# Data provided
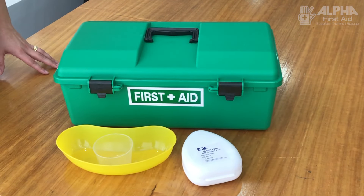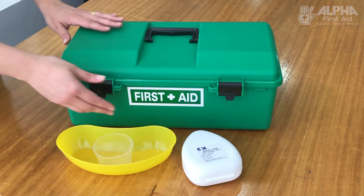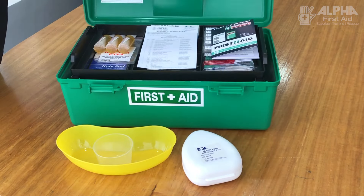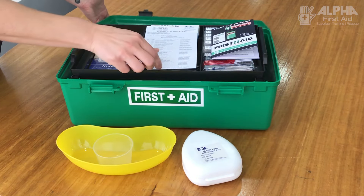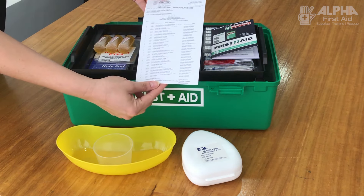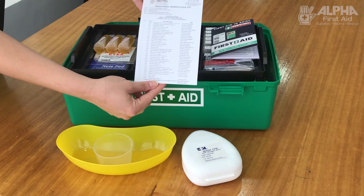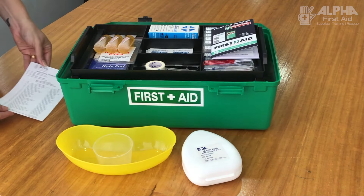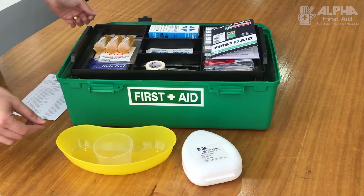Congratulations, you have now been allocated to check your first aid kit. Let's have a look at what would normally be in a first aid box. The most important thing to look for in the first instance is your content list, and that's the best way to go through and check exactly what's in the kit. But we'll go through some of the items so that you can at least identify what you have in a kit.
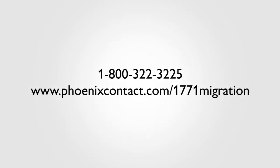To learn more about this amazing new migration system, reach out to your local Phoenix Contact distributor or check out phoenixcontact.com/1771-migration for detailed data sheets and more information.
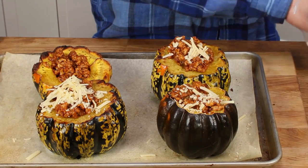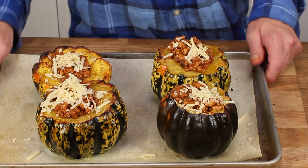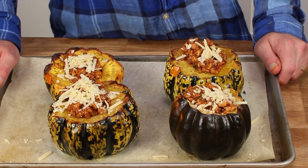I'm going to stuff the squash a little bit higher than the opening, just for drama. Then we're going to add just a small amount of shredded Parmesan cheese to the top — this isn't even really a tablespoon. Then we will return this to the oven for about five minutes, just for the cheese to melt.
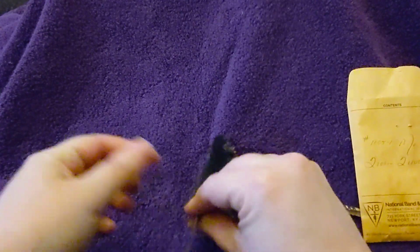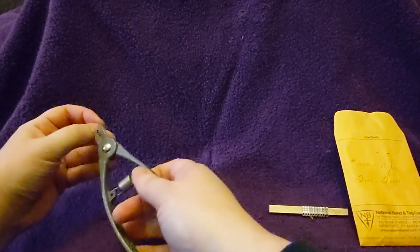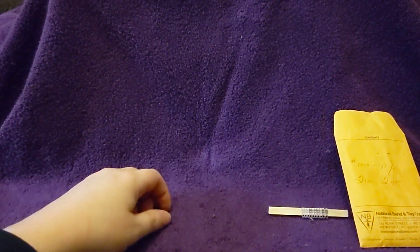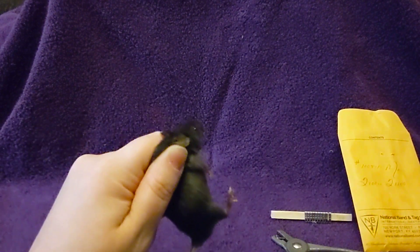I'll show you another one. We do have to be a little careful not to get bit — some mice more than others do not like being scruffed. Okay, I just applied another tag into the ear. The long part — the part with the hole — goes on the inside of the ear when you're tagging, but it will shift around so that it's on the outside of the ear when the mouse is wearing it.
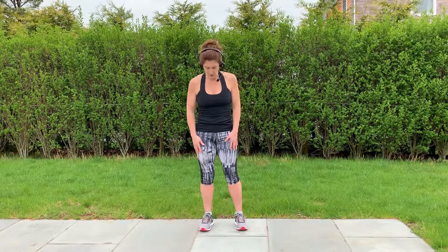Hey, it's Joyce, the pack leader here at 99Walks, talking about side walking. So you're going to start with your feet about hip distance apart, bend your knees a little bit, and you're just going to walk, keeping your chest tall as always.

# About this exercise
In the copy, leave out the pictures and restate the records exactly.

# Solution
Congratulations, you have now been allocated to check your first aid kit. Let's have a look at what would normally be in a first aid box. The most important thing to look for in the first instance is your content list, and that's the best way to go through and check exactly what's in the kit. But we'll go through some of the items so that you can at least identify what you have in a kit.
To learn more about this amazing new migration system, reach out to your local Phoenix Contact distributor or check out phoenixcontact.com/1771-migration for detailed data sheets and more information.
I'm going to stuff the squash a little bit higher than the opening, just for drama. Then we're going to add just a small amount of shredded Parmesan cheese to the top — this isn't even really a tablespoon. Then we will return this to the oven for about five minutes, just for the cheese to melt.
I'll show you another one. We do have to be a little careful not to get bit — some mice more than others do not like being scruffed. Okay, I just applied another tag into the ear. The long part — the part with the hole — goes on the inside of the ear when you're tagging, but it will shift around so that it's on the outside of the ear when the mouse is wearing it.
Hey, it's Joyce, the pack leader here at 99Walks, talking about side walking. So you're going to start with your feet about hip distance apart, bend your knees a little bit, and you're just going to walk, keeping your chest tall as always.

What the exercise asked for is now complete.